# Any feedback about "colnago start"?



## Xavi (Apr 26, 2006)

First, sorry for my english; I'm from Catalonia, Spain.
I'm looking for a road bike after many years of not road riding. I have an hibrid custom bike which i use for commuting, but when I was teenager I road ride a lot with an old peugeot.
I would like to buy a road bike in 1000eur. price range. My options are:

-Cannondale CAAD5 (or maybe synapse) tiagra
-BH or Orbea (spanish brands) 105
-Colnago start veloce-mirage mix, time cabon fork, I think columbus frame. This bike is about 3-5 years old (or maybe more..) and it is in a bike shop near my house from two years or more. I think it's "old" because the cranks are 52-42 and the stem and seatpost are plated.

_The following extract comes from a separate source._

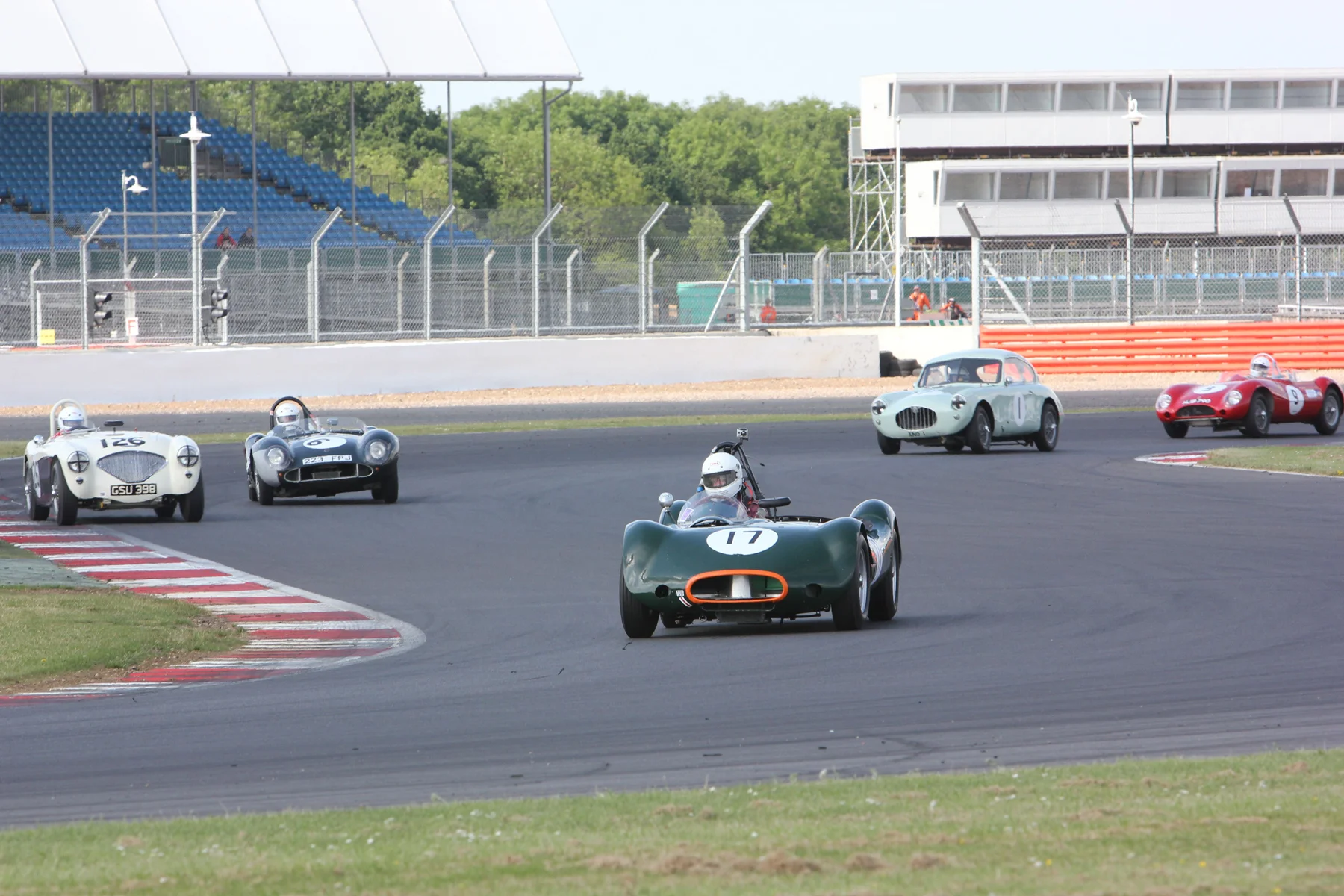 All FISCAR group. Alex Quattlebaum in his LECo2. Behind from left to right, Nigel Grice (Healey 100), Howrad Maguire (MG Playford ), Stuart Dean (Dick Jacobs Special) and George Edney (MG Lester). All four of the MG powered cars are FLIERS, the Healey, a regular Inter-Marque racer! Photo - Pat Arculus 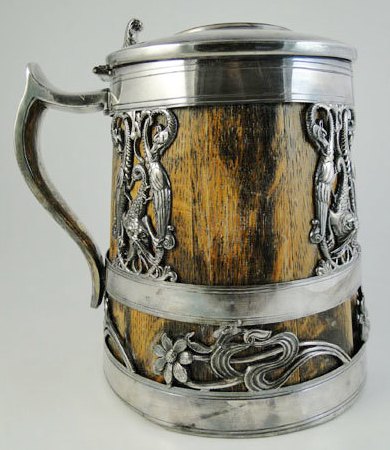 Farmhouse Antique Silver & Oak Beer Stein, St. Louis Silver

Anybody knows something about this bike or has own one?
I like it a lot, it's very nice (classical look), but it's a 53 and I think for me was better a 51-52.
It costs 900eur. or maybe less, but I don't know if the size is really a problem. Maybe to change the stem for a shorter one?

Please, help!
Thanks.


----------



## Guest (Nov 7, 2006)

Really wish I could help - I have never heard of the bike.


Sorry.


----------



## fabsroman (Jul 14, 2006)

I have no idea what that bike is.

However, I just saw a Colnago Active with Campy Centaur/Chorus mix sell for around $930 on ebay yesterday (i.e., Sunday). That bike/frame was around the 2002 model year and it was an aluminum frame in 50 sloping which just might have fit you. I ride a 51 c to c frame, or a 53 c to t Colnago, and the 50 sloping is working out pretty well for me. If I hadn't just bought a new frame, I would have bid on that bike myself.


----------



## edmundjaques (Dec 29, 2005)

Xavi said:


> First, sorry for my english; I'm from Catalonia, Spain.
> I'm looking for a road bike after many years of not road riding. I have an hibrid custom bike which i use for commuting, but when I was teenager I road ride a lot with an old peugeot.
> I would like to buy a road bike in 1000eur. price range. My options are:
> 
> ...


Colnago Start was the bottom of the range ( hence the name, I suppose) about 5yrs ago . I have it in a Colnago catalogue somewhere. Columbus 7005 if my memory is correct. It was reviewed here in UK by "Cycling Plus" magazine along with a couple of other "big name" starter bikes: Merckx was one of the others. I'm afraid the Colnago didn't come out too well ( the Merckx flyer did!) I'd try riding it - get your LBS to let you have it for a day. If it's OK - screw a bit off the price and just ride it. You'd have to try it for a while in view of the sizing issue - I find Colnagos rather inflexible about fit, they're great when they're right though. Good luck.


----------